Friday, April 22, 2016

TGIF

Following up on its inpatient hospital payment changes notice, CMS yesterday made announcements about Medicare pricing changes for skilled nursing facilities, rehabilitation hospitals and hospices.  Healthcare Dive summarizes those notices here

HHS Office for Civil Rights announced two substantial HIPAA privacy / security rule violation settlements with health care providers here and here.

Fierce Healthpayer reports on four best practices on value based payment approaches.
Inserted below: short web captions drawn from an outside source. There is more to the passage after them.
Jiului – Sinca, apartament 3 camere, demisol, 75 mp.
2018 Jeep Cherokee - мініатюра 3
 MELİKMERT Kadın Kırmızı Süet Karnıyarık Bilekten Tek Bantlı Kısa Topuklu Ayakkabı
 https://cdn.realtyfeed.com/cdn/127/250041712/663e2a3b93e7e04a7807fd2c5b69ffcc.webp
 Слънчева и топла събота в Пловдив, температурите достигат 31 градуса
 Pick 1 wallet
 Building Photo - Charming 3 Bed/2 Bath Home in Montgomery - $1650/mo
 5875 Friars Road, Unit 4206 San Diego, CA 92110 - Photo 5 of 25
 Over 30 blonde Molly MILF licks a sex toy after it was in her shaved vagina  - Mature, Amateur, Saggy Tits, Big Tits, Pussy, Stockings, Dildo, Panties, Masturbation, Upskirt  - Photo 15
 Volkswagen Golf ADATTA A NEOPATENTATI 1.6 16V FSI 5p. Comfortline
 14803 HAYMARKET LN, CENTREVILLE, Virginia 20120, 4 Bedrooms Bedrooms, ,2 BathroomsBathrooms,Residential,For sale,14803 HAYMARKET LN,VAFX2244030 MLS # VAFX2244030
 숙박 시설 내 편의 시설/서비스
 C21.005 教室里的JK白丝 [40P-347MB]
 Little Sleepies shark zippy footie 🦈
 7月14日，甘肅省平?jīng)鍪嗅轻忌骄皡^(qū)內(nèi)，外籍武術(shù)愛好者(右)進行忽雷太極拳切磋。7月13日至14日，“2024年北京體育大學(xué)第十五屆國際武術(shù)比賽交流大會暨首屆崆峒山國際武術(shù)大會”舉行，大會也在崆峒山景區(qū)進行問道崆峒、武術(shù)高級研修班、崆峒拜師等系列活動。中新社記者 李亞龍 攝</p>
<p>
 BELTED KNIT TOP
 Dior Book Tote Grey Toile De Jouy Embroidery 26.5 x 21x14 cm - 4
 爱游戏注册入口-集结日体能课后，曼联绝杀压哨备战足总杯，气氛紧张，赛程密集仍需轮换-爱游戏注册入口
Kaiser Health News reports on how large employers are paying their employees to travel to other parts of the U.S., e.g., Johns Hopkins, hospital to undergo surgery at bundled or other valued based rates.  This is similar to the center of excellence approach that has been around since the 1980s.  What the FEHBlog found most interesting is that
In addition to cutting the cost of procedures, another chunk of savings to the companies came from avoiding surgeries that probably shouldn’t happen in the first place.
“We’re seeing up to 30 percent — close to 30 percent of cases — who should not be moving forward with the joint replacement,” [Olivia] Ross [from the Pacific Business Group on Health] said.
What typically happens in these cases, she said, is that employees get a recommendation from a local doctor that they should have surgery, only to have physicians at the selected hospitals deem the operation inappropriate.
In some cases that may be because the employee hadn’t first tried less invasive treatments, such as physical therapy, Ross said. Or the employee may need to lose weight first, to make the surgery safer.
Sadly, ABC News reports that the suicide rate in the U.S. is 24% up over the last 15 years.
Sally Curtin, statistician at the NCHS and one of the report’s authors, said that this report may actually underestimate how pervasive suicide attempts are in the U.S. "What we are measuring here is suicide death," Curtin told ABC News. "We do know that the deaths are the tip of the iceberg for the public health issue. There are many more attempts and hospitalizations.” 
Modern Healthcare digs into the story here.
There were nearly 43,000 U.S. suicides in 2014. More than 14,000 of them were middle-aged whites — twice the combined total for all blacks, Hispanics, Asians, Pacific Islanders, American Indians and Alaska Natives.